Transcription, pictures excluded: write out the data below exactly.

** Opening Records supplied block **

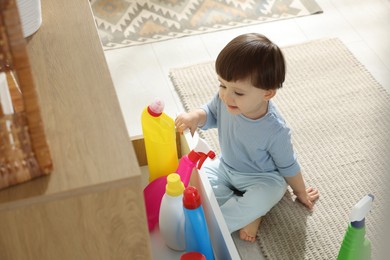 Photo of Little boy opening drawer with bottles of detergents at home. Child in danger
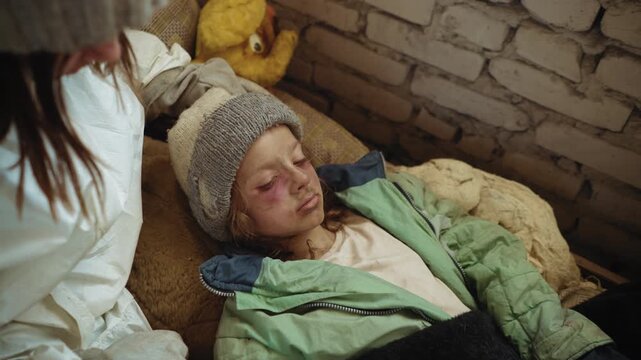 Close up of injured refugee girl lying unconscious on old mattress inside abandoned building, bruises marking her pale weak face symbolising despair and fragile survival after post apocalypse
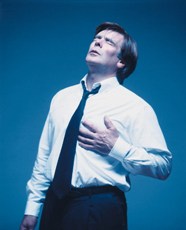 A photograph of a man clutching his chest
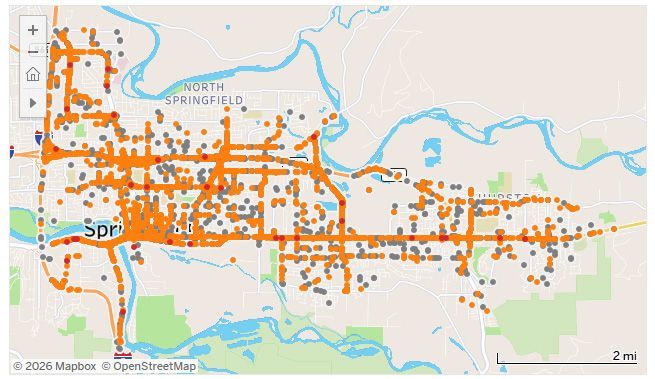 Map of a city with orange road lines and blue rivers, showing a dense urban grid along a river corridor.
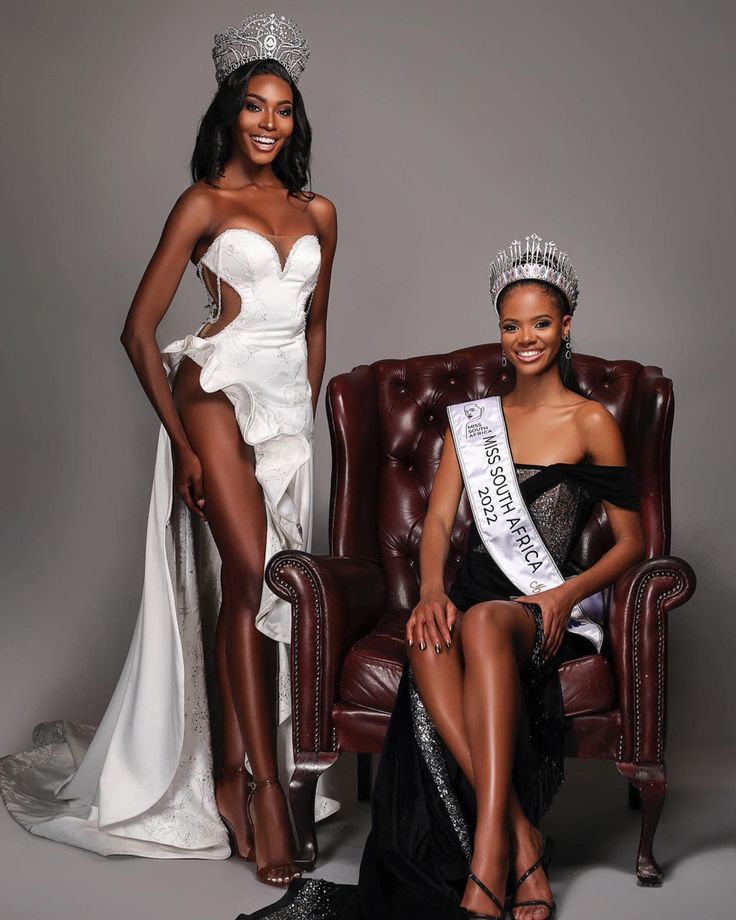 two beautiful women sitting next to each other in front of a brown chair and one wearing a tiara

** Closing Records supplied block **

◆ **Solution**
 Photo of Little boy opening drawer with bottles of detergents at home. Child in danger
 Close up of injured refugee girl lying unconscious on old mattress inside abandoned building, bruises marking her pale weak face symbolising despair and fragile survival after post apocalypse
 A photograph of a man clutching his chest
 Map of a city with orange road lines and blue rivers, showing a dense urban grid along a river corridor.
 two beautiful women sitting next to each other in front of a brown chair and one wearing a tiara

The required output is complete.